(EXERCISE DATA Opens)

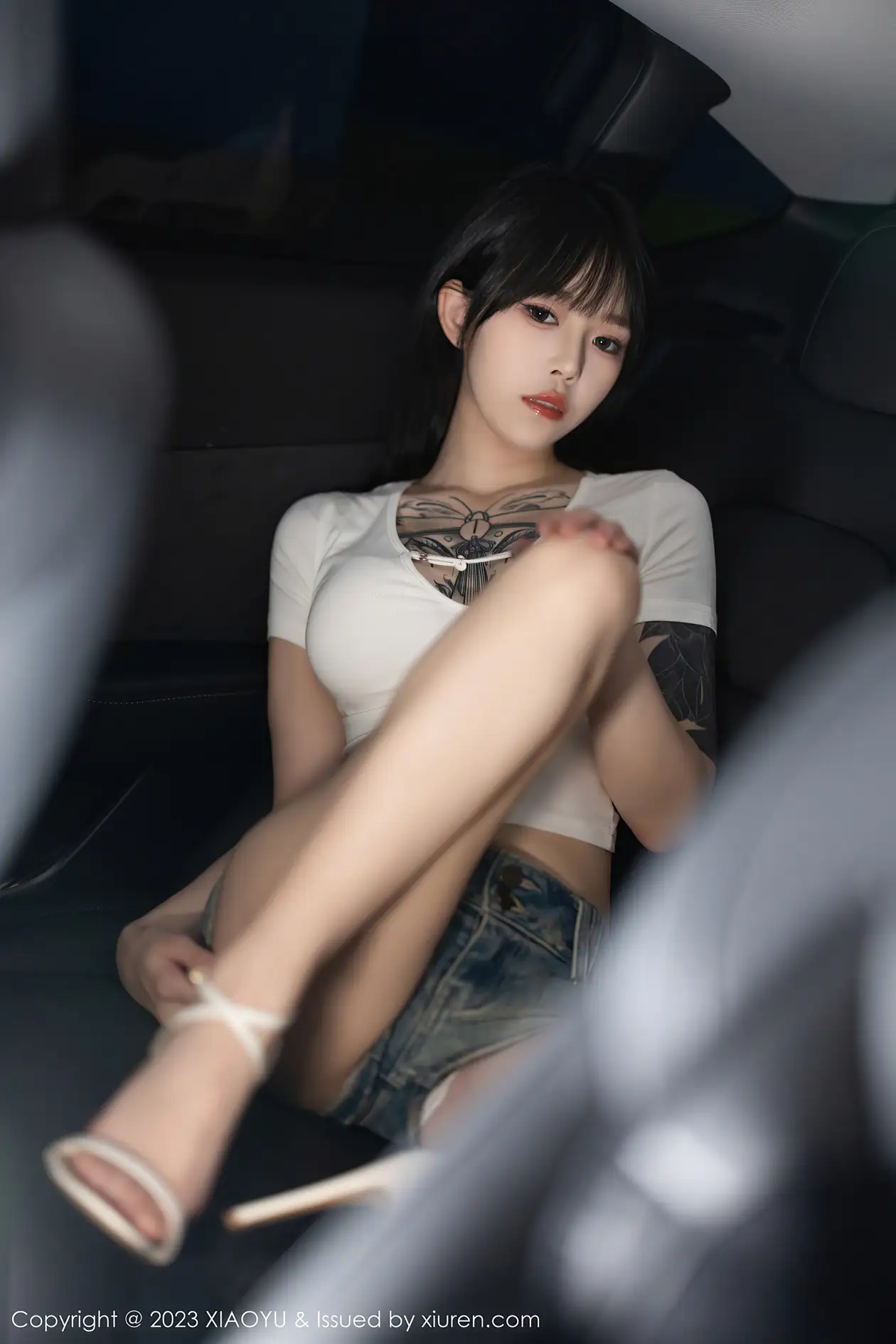 [XiaoYu] 2023.08.21 VOL.1096 Baby bottle.#[91P]-19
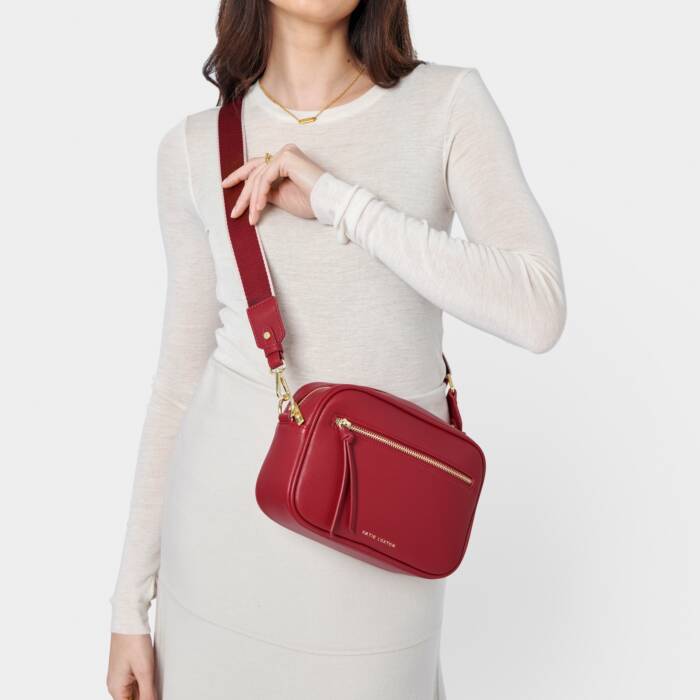 Hallie Crossbody Bag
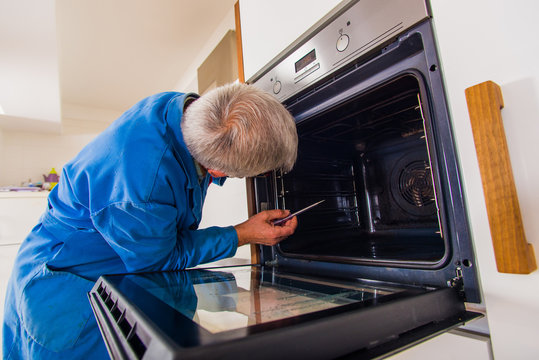 San Fernando Oven Repair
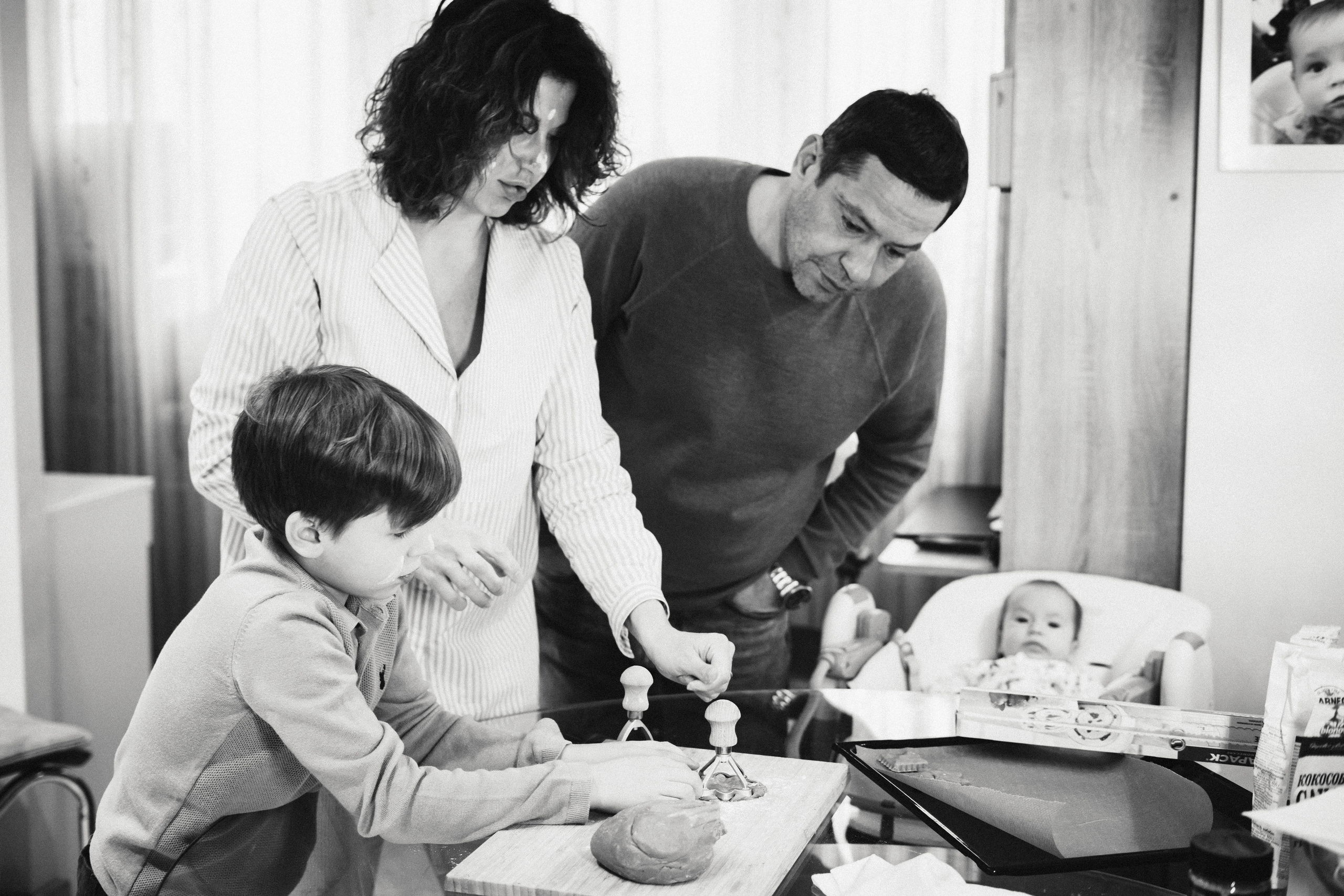 Семейные истории. Семейный и женский фотограф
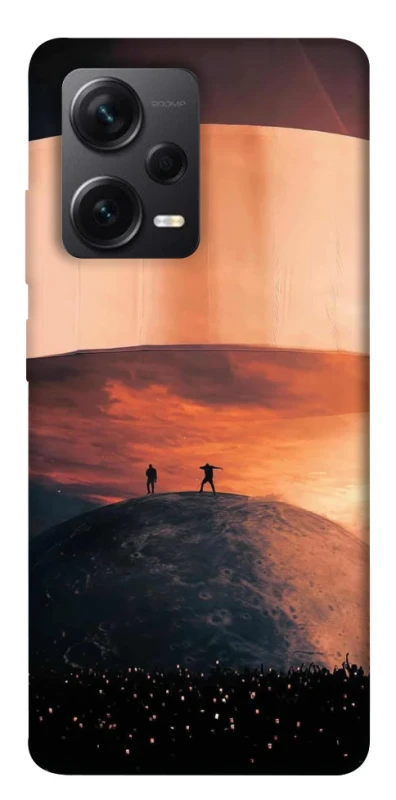 Чохол на Xiaomi Redmi Note 12 Pro+ 5G Kanye West ver.9 фото 1 з 1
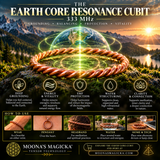 Thick Gauge Earth Core Cubit Harmonizer (6G)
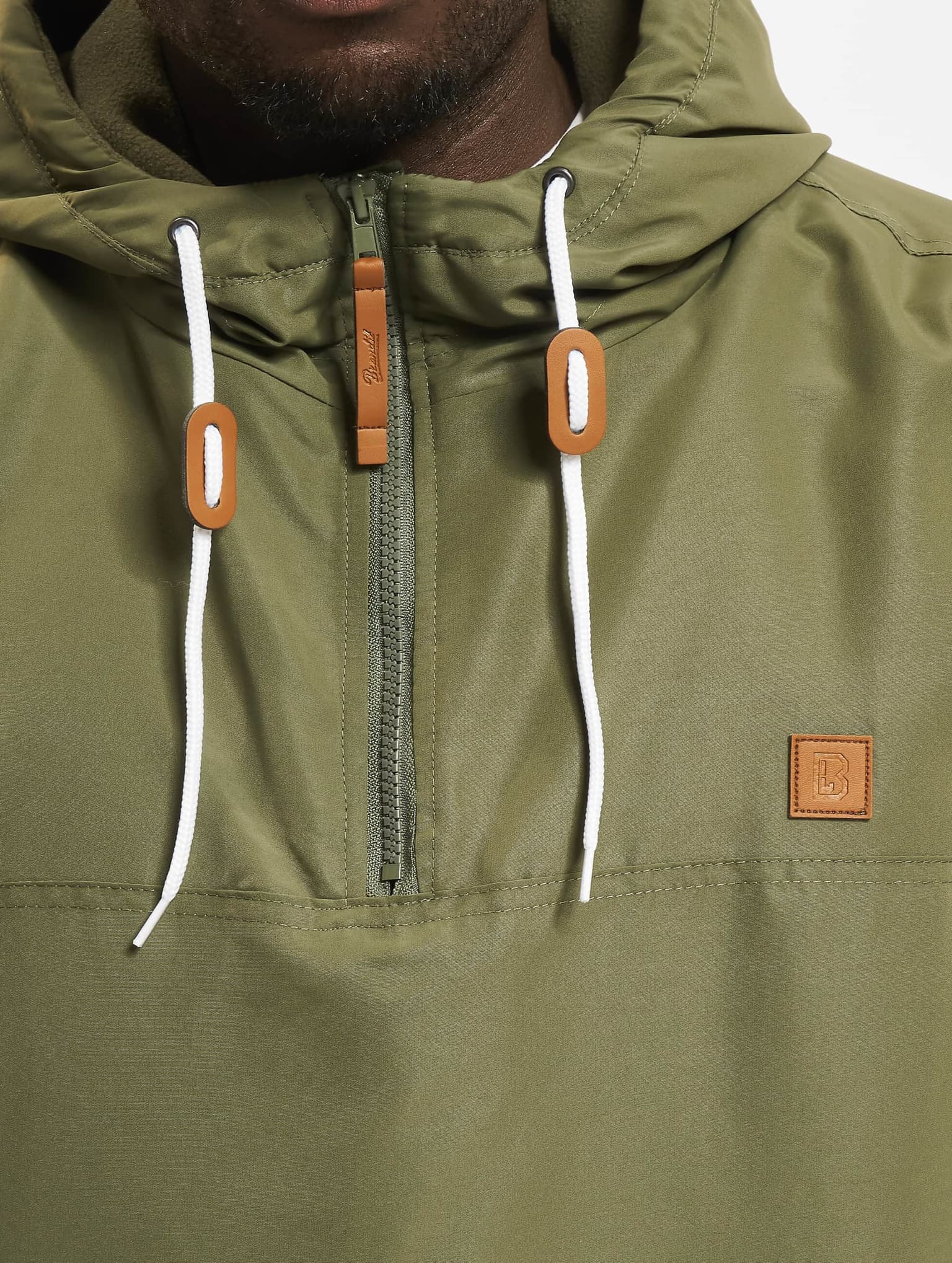 Brandit Pull Over Windbreaker – Bild 4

(EXERCISE DATA Closes)

> _WORK INSTRUCTIONS_: When you reproduce the entries above, keep every word exact and leave the images out.

> _TASK RESPONSE_:
 [XiaoYu] 2023.08.21 VOL.1096 Baby bottle.#[91P]-19
 Hallie Crossbody Bag
 San Fernando Oven Repair
 Семейные истории. Семейный и женский фотограф
 Чохол на Xiaomi Redmi Note 12 Pro+ 5G Kanye West ver.9 фото 1 з 1
 Thick Gauge Earth Core Cubit Harmonizer (6G)
 Brandit Pull Over Windbreaker – Bild 4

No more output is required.